Below are some common Irish names and their meanings.

Aidan

Aodhán -This comes from Áedán which was a diminutive of Áed (later Aodh) meaning fire.

Anne

Áine - The Irish equivalent of Anne is Áine

Brendan

Bréanainn - The original name in old Irish was Bréanainn.

Bridget

Bríd - This name means ‘the exalted one’. She was the goddess of fire, poetry and wisdom and daughter of the god Dagda. Again, the name did not become common here until the 17th century out of deference to the fifth century Saint Brighid.

Catherine

Caitríona - The name Catherine was originally a Greek name. Other Irish forms include Caitlín, Cáit and Ríona.

Charles

Searlus - Although sometimes the name Cathal is used, the names are not historically related.

Colm

Colm - Variant of Colum and Columba meaning ‘dove.’ Spelt the same in Irish and English. The fifth century St Columba or Colmcille of Iona is credited with christianising Scotland. St Columbanus of Bangor later established monasteries throughout Europe.

Conor

Conchúr - From Conchobhar meaning ‘dog lover’. The name has been in use in Ireland for many centuries.

Donal

Dónall - From Domhnall this name means ‘ruler of the world.’

Elizabeth

Éilis - An Irish form of Elizabeth which has its origins in the Greek and Hebrew languages.

James

Séamas - An Irish version of the English name James which derives from the Latin Iacomus.

John

Eoin - Eoin is the Irish for John, e.g Eoin Baiste - John the Baptist.

Mark

Marcas - From the Latin name Marcus, which probably come from Mars, the Roman god of war.

Michael

Mícheál - The name Michael comes from the Hebrew and means ‘who is like God.’

Patricia

Pádraigín - A feminine form of Pádraig

Patrick

Pádraig - After St Patrick, Ireland’s patron saint. From the Latin Patricius meaning nobleman. The name did not become common here until the 17th century as it was considered too sacred to use.

Sarah

Sorcha - This means radiant in Irish, being the opposite of 'dorcha' meaning dark and is often used as the equivalent of Sarah.
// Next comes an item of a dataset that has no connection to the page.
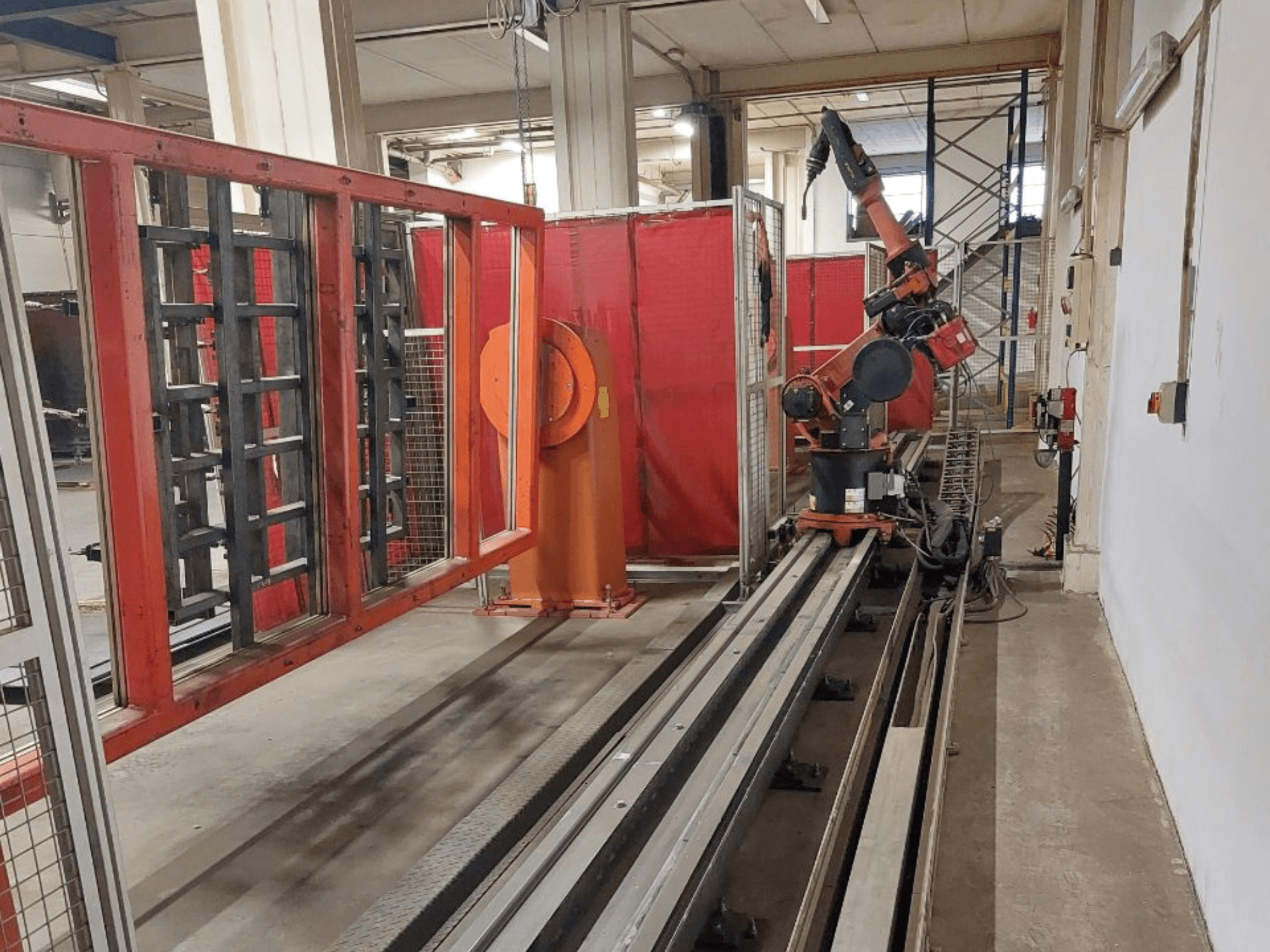 Industrieller Roboterarm in orange und schwarzer Farbe auf Metallschienen, umgeben von roten Schutzschranken, Vorderansicht.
Sorcha is pronounced with the aid of an extra vowel between the ‘r’ and the ‘c’ which sound like Sor-a-ha.

Sheila

Síle - An Irish version of Cecilia, which derives from the Latin.

Thomas

Tomás - This comes via the Greek from the Aramaic and means twin.

William

Liam - William is referred to as Liam, the determined protector.